Possession is an impulse that quickly settles into control. Inevitably, what is not understood is captured, examined, and when it presents some exploitable quality, it becomes a tool, a possibility. Wind is a strongly romanticized element, allowing heroism to be injected into moments that might otherwise seem tasteless. At the same time, its manifestation has a revealing quality. It dusts off what is latent and shows us that our environment is not pristine—that there is the precarious, the hidden, the forgettable, the unfixed. This duality forces its will upon us; we cannot stop it—it is there whether for our convenience or not. We can try to simulate it in forced controlled conditions, but it is well known that that’s not wind.

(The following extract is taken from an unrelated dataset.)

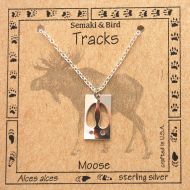 Moose Track Necklace - sterling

The exhibition consists of three exemplary objects—Fig. 1, Fig. 2, and Fig 3. Each one aims to recreate, with different processes and materiality, the tensions between misinformation and the drive to capture.
Fig. 2
Mauricio López F.
2025
Case, loudspeaker, audio recording, acrylic, cement, miniature flag, and toggle switch
13.78 × 24.41 × 16.14 in.
Mauricio López F. is an artist from Santiago de Chile based in Chicago, USA. He studied Musical Composition at the Escuela Moderna de Música. He later participated in the Copiú: Improvement Course in Composition and Interpretation of Contemporary Music and earned a Bachelor’s Degree in Aesthetics at the Pontificia Universidad Católica, focusing on avant-garde movements in the Chilean sound scene.
Recently, he completed his MFA in Sound at SAIC, where he received a complete scholarship. He is currently exploring various mediums, including sculpture, installation, performance, photography, and drawing. His works, which address themes such as translation, labor, and cultural friction—often with a sardonic lens—have been presented across South and North America and Europe, recently highlighting the 30th anniversary of the SAIC Site Gallery and Expo Chicago.